Ivins attorney Pat Smith was quoted in Tax Notes on the Third Circuit appeal in SIH Partners, involving a challenge to a regulation treating CFC loan guarantees as investments in U.S. property under section 956. CFC Loan Guarantee Appeal Approaches Fully Briefed Deadline.

Patrick J. Smith of Ivins, Phillips & Barker Chtd. had previously voiced discontent at the Tax Court’s comparison [between the facts in this case and the facts in the Supreme Court’s State Farm decision], but shifting his focus to the merits of the arguments, he told Tax Notes that the government is correct to reject SIH’s argument that section 956 needs a facts-and-circumstances inquiry every time.

“The government is clearly correct that all the statutory rules in section 956 are extremely mechanical, and that, as a result, the appropriate inquiry under section 956 is clearly not whether there has been an actual repatriation of earnings to the U.S. before section 956 can require an income inclusion,” Smith said, adding that the mechanical nature of the statute makes it appropriate for the regs to likewise be mechanical. “The fact that the taxpayer can point to revenue rulings that departed from a mechanical application of the rules in very extreme factual circumstances clearly does not translate into a general principle that every application of section 956 requires a facts-and-circumstances inquiry.”

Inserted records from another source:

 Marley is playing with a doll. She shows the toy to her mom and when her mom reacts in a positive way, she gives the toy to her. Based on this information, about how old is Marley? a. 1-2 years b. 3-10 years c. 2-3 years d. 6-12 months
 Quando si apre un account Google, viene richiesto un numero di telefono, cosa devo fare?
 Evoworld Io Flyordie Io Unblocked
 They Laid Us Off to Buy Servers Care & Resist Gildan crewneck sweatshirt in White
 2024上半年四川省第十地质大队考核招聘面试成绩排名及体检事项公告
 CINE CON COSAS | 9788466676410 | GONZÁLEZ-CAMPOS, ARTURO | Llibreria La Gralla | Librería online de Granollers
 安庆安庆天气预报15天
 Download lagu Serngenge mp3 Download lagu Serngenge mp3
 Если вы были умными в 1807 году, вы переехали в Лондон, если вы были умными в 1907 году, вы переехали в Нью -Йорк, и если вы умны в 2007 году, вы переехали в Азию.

Smith argued that the government was correct to differentiate SIH from Good Fortune Shipping since nothing in the statute at issue in the latter provided a basis for regs that would exclude a type of stock from being considered in determining ownership of a corporation that issued bearer stock.

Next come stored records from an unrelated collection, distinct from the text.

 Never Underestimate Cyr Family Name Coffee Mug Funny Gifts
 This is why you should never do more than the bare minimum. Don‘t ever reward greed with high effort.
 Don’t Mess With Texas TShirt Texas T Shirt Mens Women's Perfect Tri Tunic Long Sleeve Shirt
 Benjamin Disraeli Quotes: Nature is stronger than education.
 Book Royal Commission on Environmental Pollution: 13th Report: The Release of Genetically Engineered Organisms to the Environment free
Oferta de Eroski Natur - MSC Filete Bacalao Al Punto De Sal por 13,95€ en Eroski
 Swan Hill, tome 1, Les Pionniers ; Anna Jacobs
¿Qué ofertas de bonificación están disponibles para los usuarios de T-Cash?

But the taxpayer also put forth a persuasive argument when asserting that the regs were arbitrary and unreasonable in failing to avoid double income inclusions when multiple CFCs guarantee the same loan, Smith continued. The failure to provide any explanation for this part of the rules at the time the regs were issued does open the rules to challenge under the reasoned decision-making [standard], Smith said.

“The government’s assertion that this aspect of the regulations is reasonable and does not result in double counting even where the resulting total income inclusions exceed the amount of the loan that is guaranteed is extremely unpersuasive. This position is so completely untenable that it risks undercutting the government’s entire case,” Smith argued. “The fact that no commenter on the proposed regulations commented on this aspect of the regulations is not relevant, since this weakness in the regulations is so obvious.”

But this failure of the regs to limit total income inclusion is “not really a fundamental flaw,” Smith added, because the limitation could be easily superimposed on the operation of the rules. Either the IRS or a court could require the limitation, he surmised.

“The government is on much stronger ground in pointing out that the factual situation in this case simply does not involve income inclusions that exceeded the amount of the loan that was guaranteed. On balance, I think that because of this factor and [the aforementioned others] . . . the government should probably prevail in this case,” Smith said.